Three private equity firms disclosed they are under investigation by the Securities and Exchange Commission (SEC) for having allowed employees to use unauthorized communication channels like WhatsApp and WeChat to conduct company business.

Apollo Global Management, The Carlyle Group, and KKR & Co. disclosed in quarterly filings the SEC is also investigating them for not properly recording and retaining the work-related communications of their employees.

Apollo disclosed in its quarterly filing Tuesday it received a request for information and documents “in connection with an investigation concerning compliance with record retention requirements relating to business communications sent or received via electronic messaging channels.”

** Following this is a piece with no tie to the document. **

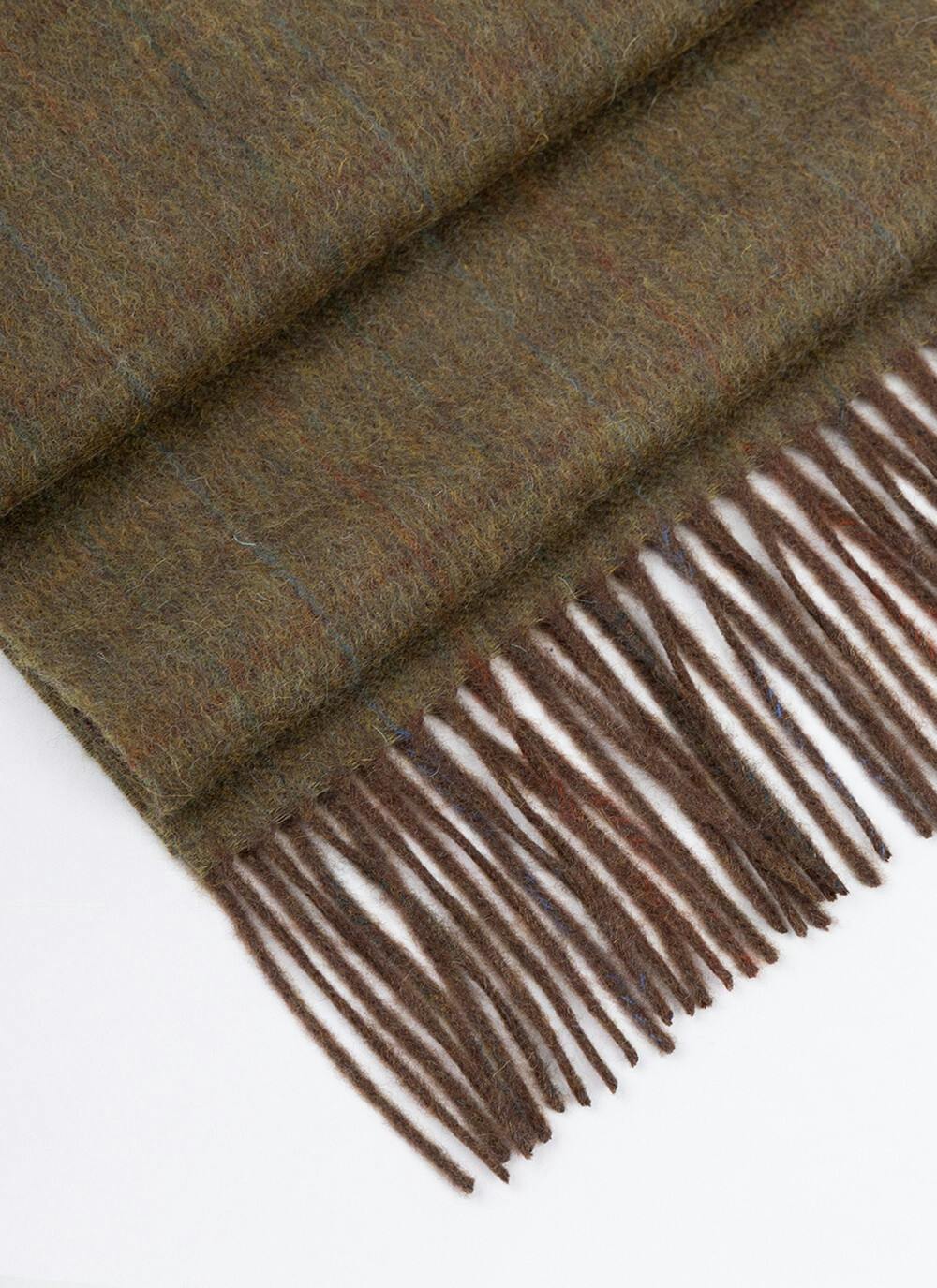  100% Wool Scarf In Green Check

In a quarterly filing Tuesday, Carlyle said the SEC made a request for information to the firm “related to the preservation of certain types of electronic business communications (e.g., text messages and messages on WhatsApp, WeChat, and similar applications).” Carlyle said it intends to fully comply with the SEC’s inquiry.

KKR also disclosed the SEC investigation Tuesday in a quarterly filing, saying the agency’s probe is “related to business-related electronic communications.” The company said it intends to cooperate with the investigation.

The investigations are part of a continuing sweep by the SEC regarding the use of unauthorized channels for business communications, which the agency has found to be endemic in the financial services industry. The SEC made a point during examinations to ask for a firm’s policies and procedures regarding electronic communications on business-related matters by employees on their personal cell phones and whether those policies and procedures are being adequately enforced.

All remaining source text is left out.